Ana SayfaGüncel‘Hayır’ ve ‘Haydi’nin dalga dalga yayılan öyküsü: Filmmor 15 yaşında

‘Hayır’ ve ‘Haydi’nin dalga dalga yayılan öyküsü: Filmmor 15 yaşında

HABER MERKEZİ – Filmmor Kadın Filmleri Festivali bu yıl 15. yaşını kutlayacak. Sinemaya kadınların kadrajından kadınlarla birlikte bakmayı esas alan festivalin koordinatörü Melek Özman, sinemadaki kadın rüzgarını Gazete Karınca’ya anlattı.

Kadın kooperatifi olarak 15 yıl önce bir grup kadın tarafından kurulan Filmmor, erkek egemen ve rekabetçi sinema sektörünün arasına girerek, ‘kadınlar ve dayanışma vardır’ duygusunu perçinledi.
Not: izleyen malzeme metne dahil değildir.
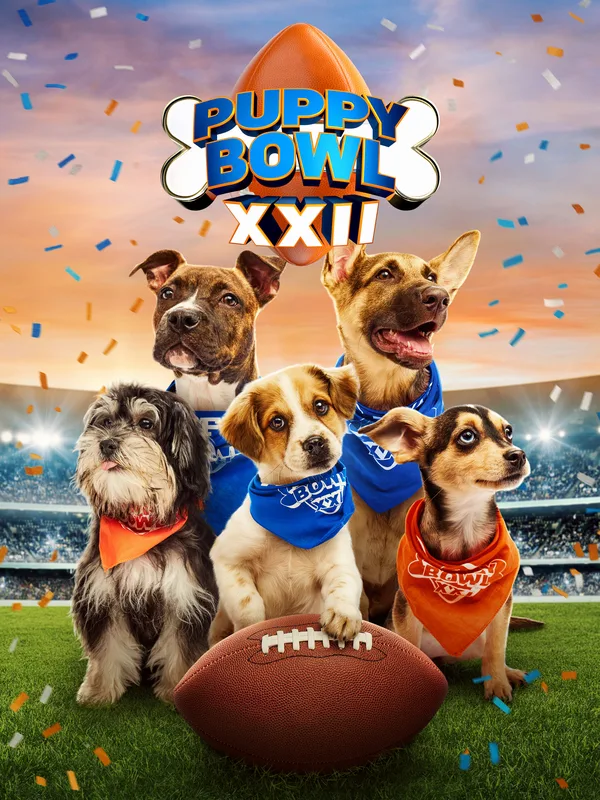 Puppy Bowl poster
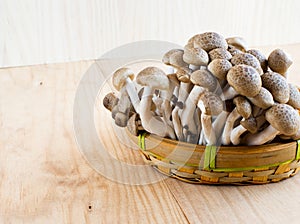Brown beech, Buna shimeji mushrooms.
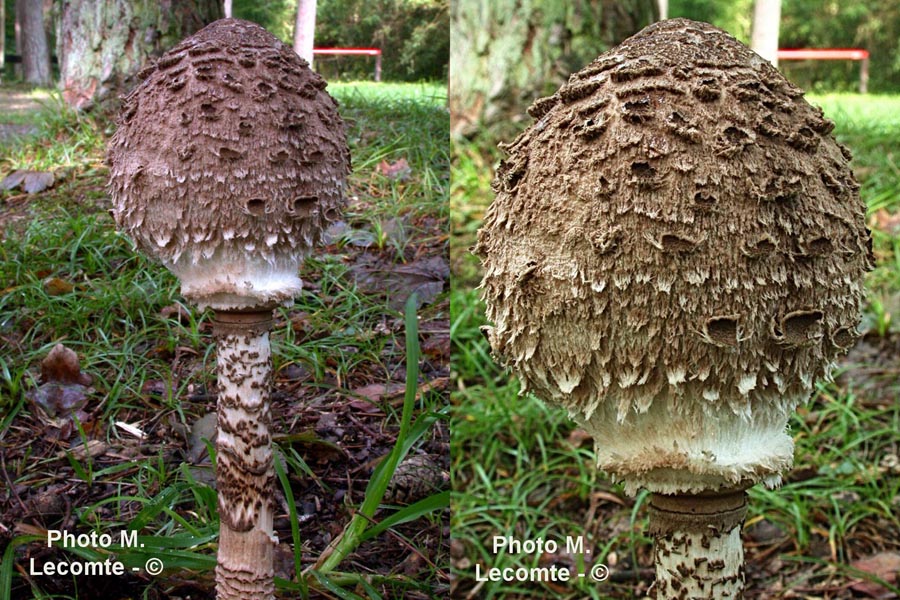 Macrolepiota fuliginosa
İşte kadın sinemasının sesini yükseltmek maksadıyla yola çıkan bu Uluslararası Gezici Kadın Filmleri Festivali bu yıl 15. yılını kutluyor.

“Hepimiz Alice’in setlerinde yetişen kadınlarız”
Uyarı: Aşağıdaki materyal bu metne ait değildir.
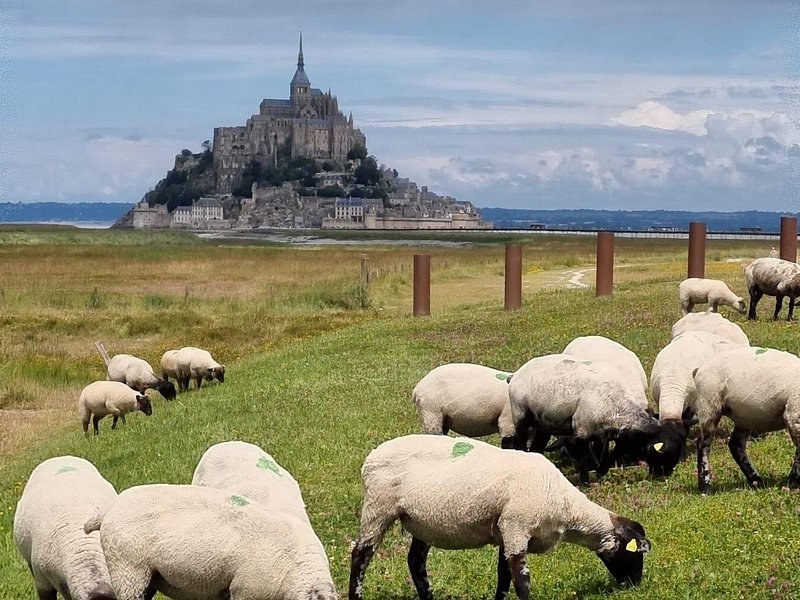 Sheep grazing the salt marsh below Mont-Saint-Michel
Festivalin başlamasına sayılı günler kala koordinatör Melek Özman, dünyadaki kadın sinemasından mücadelesine dek pek çok konuyu Gazete Karınca’ya anlattı.

Kadının sinemaya dahil olma sürecinin ilk öykülü filmi çeken Alice Guy-Blaché’den başladığını belirten Özman, kadının nasıl perdelenmek istendiğini ise şu sözlerle anlattı:

Mesela ilk öykülü filmi Georges Méliès yapmıştır denir ama aslında bunu yapan Alice Guy-Blaché’dir. Fakat o sadece ufak bir not olarak geçilir. Alice, çok da fazla film yapmış. 1900’lerin başında yaptığı bir film var:’Feminizmin Sonuçları’. 2000 yılında feminizmin dünyayı değiştireceğini ve erkeklerin ezileceğini konu alan bir film. Feminist bir dünya nasıl olurdu diye bir distopya hayal etmiş.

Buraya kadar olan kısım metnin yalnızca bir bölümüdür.